Civiliser la terre, transformer l’espèce humaine en humanité, devient l’objectif fondamental et global de toute politique aspirant non seulement à un progrès, mais à la survie de l’humanité. Il est dérisoire que les socialistes, frappés de myopie, cherchent à « aggiornamenter », moderniser, social-démocratiser, alors que le monde, l’Europe, la France sont affrontés aux problèmes gigantesques de la fin des Temps modernes.
Les redresseurs d’espérance
II s’agit de repenser, reformuler en termes adéquats le développement humain (et ici encore en respectant et intégrant l’apport des cultures autres que l’occidentale).
Nous avons à prendre conscience de l’aventure folle qui nous entraîne vers la désintégration, et nous devons chercher à contrôler le processus afin de provoquer la mutation vitalement nécessaire. Nous sommes dans un combat formidable entre solidarité ou barbarie. Nous sommes dans une histoire instable et incertaine où rien n’est encore joué.

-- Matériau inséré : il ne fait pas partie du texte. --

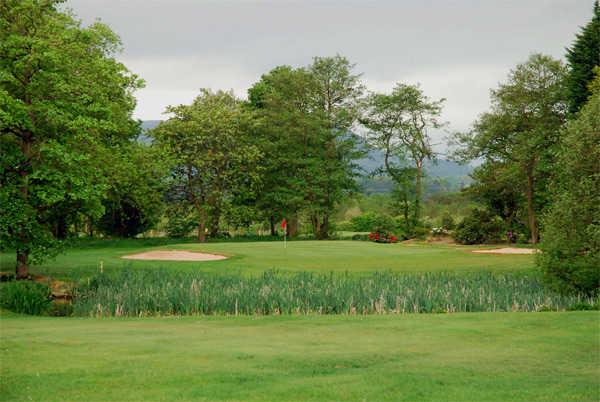 A view of a green flanked by bunkers at Clitheroe Golf Club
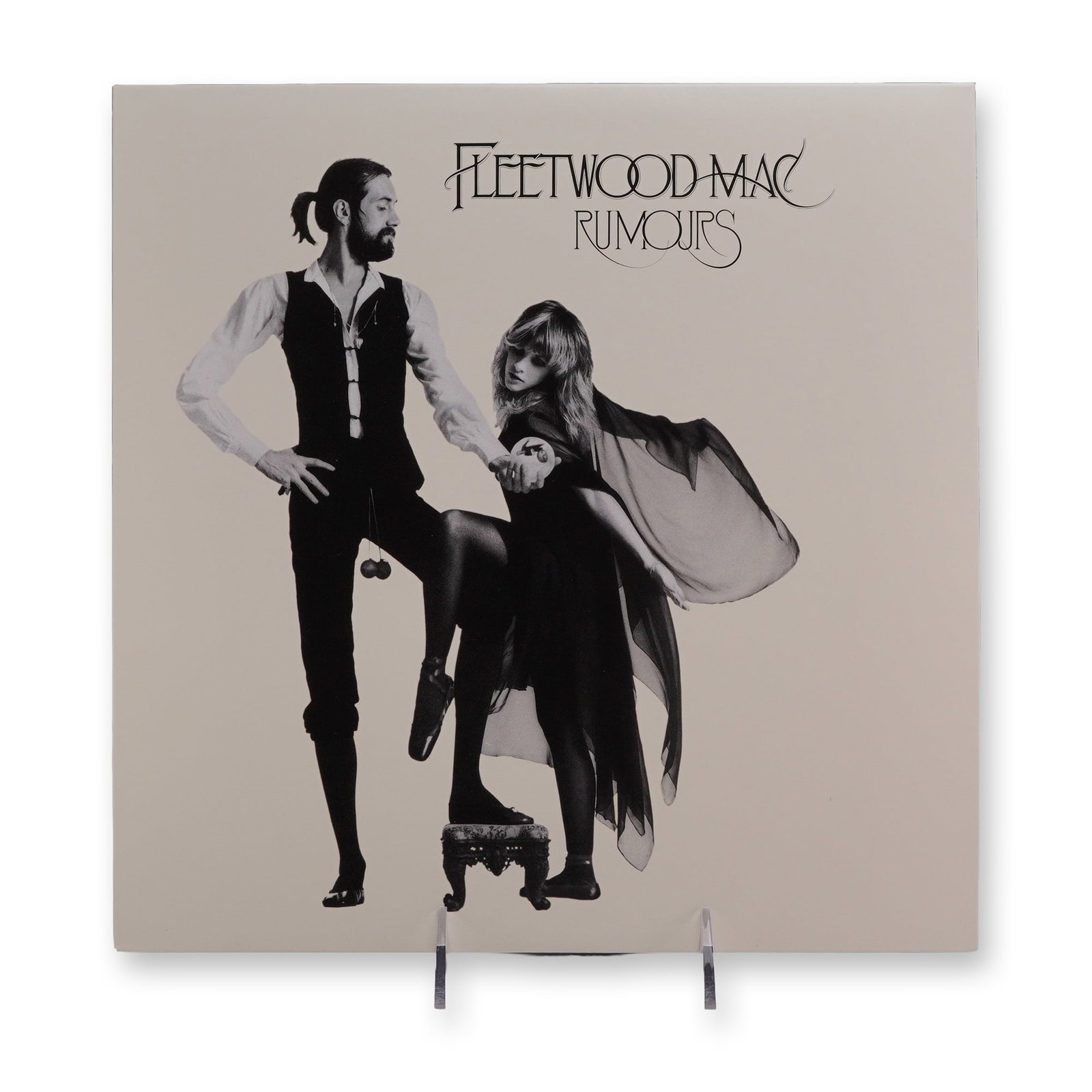 Fleetwood Mac Rumours Reissue Vinyl Record: Fleetwood Mac, 2009 Reprise reissue series. Vinyl LP record of the album Rumours, featuring updated Warner Records center labels with DTLA rim text. The lot includes the pictorial outer jacket with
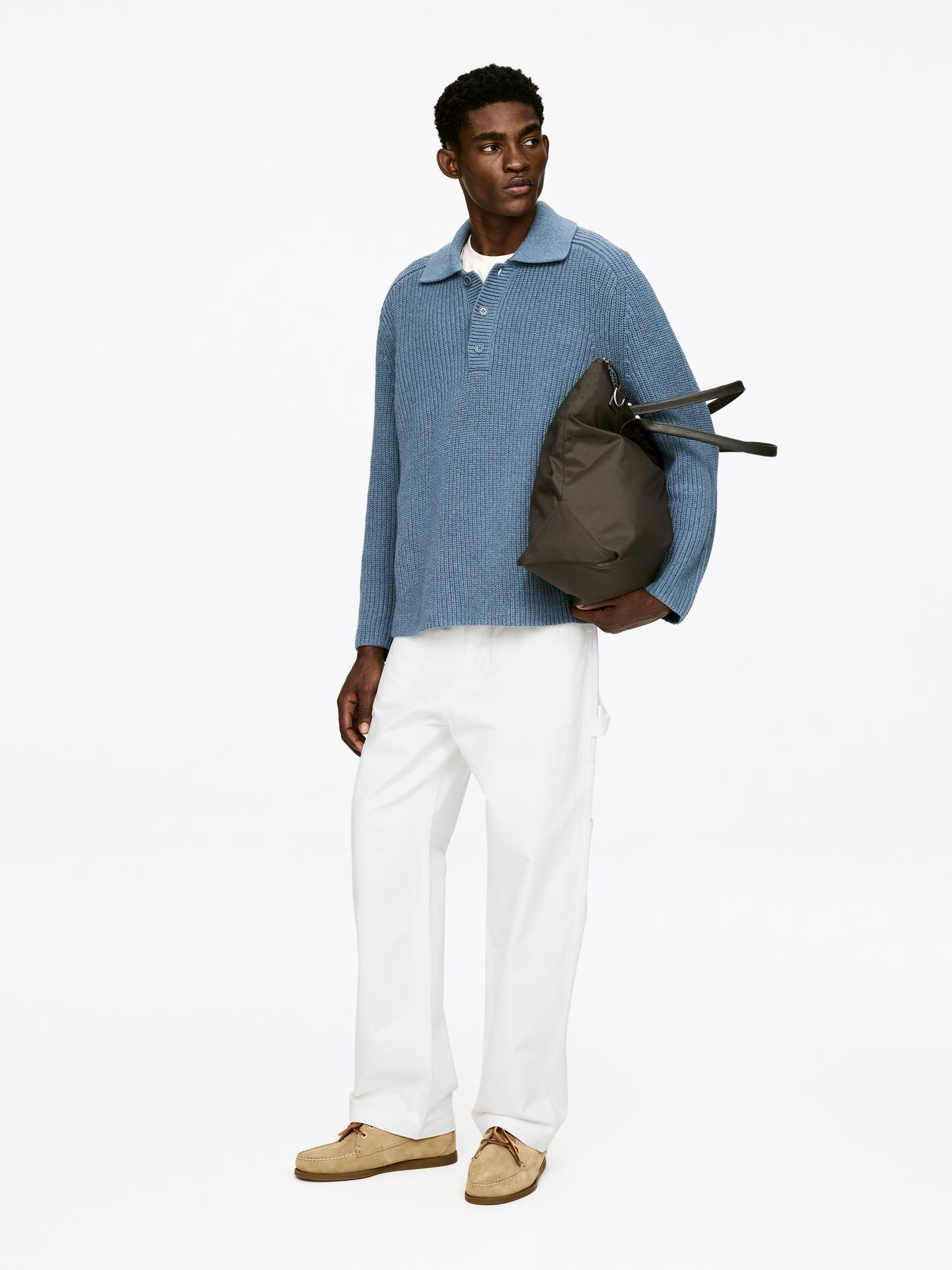 Man in a blue sweater and white pants holding a gray bag, standing against a plain white background.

Sauver la planète menacée par notre développement économique. Réguler et contrôler le développement technique. Assurer un développement humain. Civiliser la Terre. Voilà qui prolonge et transforme l’ambition socialiste originelle. Voilà des perspectives grandioses apte à mobiliser les énergies. A nouveau, et en termes dramatiques se pose la question : que peut-on espérer ?
Les processus majeurs conduisent à la régression ou la destruction. Mais celles-ci ne sont que probables. L’espérance est dans l’improbable, comme toujours dans les moments dramatiques de l’histoire où tous les grands événements positifs ont été improbables avant qu’ils adviennent : la victoire d’Athènes sur les Perses en 490-480 avant notre ère, d’où la naissance de la démocratie, la survie de la France sous Charles VII, l’effondrement de l’empire hitlérien en 1941, l’effondrement de l’empire stalinien en 1989.
L’espérance se fonde sur les possibilités humaines encore inexploitées et elle mise sur l’improbable. Ce n’est plus l’espérance apocalyptique de la lutte finale. C’est l’espérance courageuse de la lutte initiale : elle nécessite de restaurer une conception, une vision du monde, un savoir articulé, une éthique. Elle doit animer, non seulement un projet, mais une résistance préliminaire contre les forces gigantesques de barbarie qui se déchaînent. Ceux qui relèveront le défi viendront de divers horizons, peu importe sous quelle étiquette ils se rassembleront. Mais ils seront les porteurs contemporains des grandes aspirations historiques qui ont pendant un temps nourri le socialisme. Ce seront les redresseurs de l’espérance.